Ontario has required formal licensing for most trades since the 1960s, but these rules were often ignored by low-road contractors and employers who knowingly hired unqualified workers for construction projects.

"There was open flaunting of the law," Grimshaw said. "The government wasn't doing anything about it."

The IBEW, along with other unions, employers and public officials, lobbied for the college to ensure that every construction project in Ontario was staffed by trained professional workers.

"Customers should feel confident that the people they hire meet provincial standards when it comes to training," Grimshaw said. "It's a quality and safety issue."

The College of Trades has the authority to declare a trade "compulsory." To work in a compulsory trade, an individual must produce a certificate of qualification and pay a $120 annual fee. More than 20 trades are considered compulsory.

The Tories' new position is the result of heavy lobbying by the nonunion Ontario Electric League as well as the party's sharp right turn on unions. "Many of the league's contractors are some of worst abusers of the system," Grimshaw said.

Last year, leaked internal documents revealed that Hudak was planning to make repealing the Rand formula and instituting a Canadian version of right-to-work one of his top legislative priorities.

Public backlash and unrest in his caucus forced him to back off right-to-work, but critics say Hudak's attacks on the College of Trades are just the latest volley against unions by the Conservatives.

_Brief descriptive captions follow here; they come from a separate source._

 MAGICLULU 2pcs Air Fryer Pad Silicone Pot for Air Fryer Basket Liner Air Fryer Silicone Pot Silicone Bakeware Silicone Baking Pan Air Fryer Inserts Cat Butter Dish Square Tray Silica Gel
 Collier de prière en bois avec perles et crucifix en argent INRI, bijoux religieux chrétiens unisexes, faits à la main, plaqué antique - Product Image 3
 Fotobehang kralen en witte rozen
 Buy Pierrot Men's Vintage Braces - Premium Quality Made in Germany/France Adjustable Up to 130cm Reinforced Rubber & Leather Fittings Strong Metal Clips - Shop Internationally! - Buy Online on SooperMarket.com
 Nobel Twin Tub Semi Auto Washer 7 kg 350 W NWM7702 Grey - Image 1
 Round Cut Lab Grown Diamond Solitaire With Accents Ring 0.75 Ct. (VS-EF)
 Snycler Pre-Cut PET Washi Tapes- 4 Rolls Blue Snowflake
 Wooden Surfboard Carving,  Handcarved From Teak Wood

Windsor Local 773 Business Manager Karl Lovett says the College of Trades is vital to maintaining high standards for the trade in his jurisdiction.

"Our members don't mind paying the $120 because they know it means the government is making sure the proper trades are doing proper work," he said.

He says that he has seen too many low-road contractors use non-electricians to do electrical work.

"If the college was gone, it would be devastating for the organized building trades," he said. "It would create an industry-wide race to the bottom."

A growing blue-collar skills shortage across Canada has many policymakers looking at different approaches to training and recruitment.

Grimshaw says that Hudak's is the wrong approach when it comes to construction recruitment.

"He thinks that throwing out all the rules and throwing as many workers into the industry regardless of the skills or training is the way to go," he said. "Flooding the market with unqualified workers feeds the underground economy and increases the chances of accidents."